South Korea jumps to 8th place for China yuan payments - SWIFT
HONG KONG, July 29
HONG KONG, July 29 (Reuters) - South Korea's yuan payments value in June rose more than six-fold from a year earlier, taking it to eighth position in the world for yuan payments excluding China and Hong Kong, global transaction services organisation SWIFT said on Tuesday.
For the month, 68.9 percent of all direct payments between South Korea and China and Hong Kong were in Renminbi, up from 32.8 percent from the same period last year, SWIFT said.
China is South Korea's most important trade partner, receiving nearly a third of the latter's exports, but South Korean companies have historically been underweight in the use of the Chinese currency.

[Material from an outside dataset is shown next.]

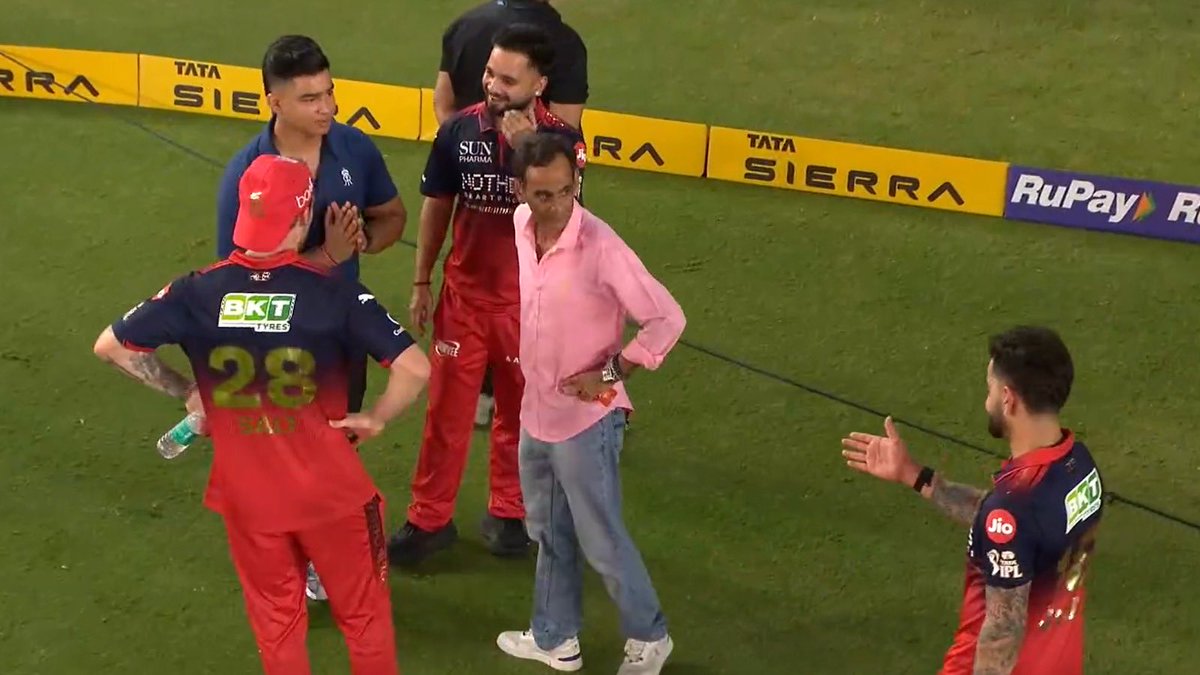 KKRWeRule's tweet photo. Virat Kohli khud chalke aapke pas aarha hai mtlb aap alag level ho. https://t.co/lDswMyC9zk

That situation is set to change as a number of steps have been taken recently to boost the use of yuan currency between the two countries.
China's central bank assigned Bank of Communications , the country's fifth-biggest lender, as the yuan clearing bank in South Korea earlier this month.
The world's second-largest economy also agreed to award an 80 billion yuan ($12.88 billion) licence for South Korea to invest in its capital markets and help launch direct trading of the yuan-won pair.
"Korean companies are increasingly attuned to RMB developments as part of their global trade and liquidity strategies and they're capitalising on the opportunities the currency provides," said Martin Tricaud, CEO for HSBC Korea.
Though a latecomer to participate in the offshore yuan business, the country's yuan pool has increased sharply in the past year thanks to the attractive yields the currency provides.
Yuan deposits at banks in South Korea inched up by a net $640 million in June to a record high of $11.97 billion, the 12th straight month for yuan deposits to reach a record high, according to data from the Bank of Korea.
That makes competition to become the next biggest offshore yuan hub after Hong Kong fiercer as Beijing accelerates the pace of yuan activities in more countries and allows more foreign investors to enter its domestic market.
Singapore still led renminbi payments in June with a market share of 28.4 percent, followed by the UK at 22.5 percent, and the United States at 10.8 percent, SWIFT said.
In June, the yuan reinforced its position as the seventh most active currency for global payments and accounted for 1.55 percent of payments worldwide.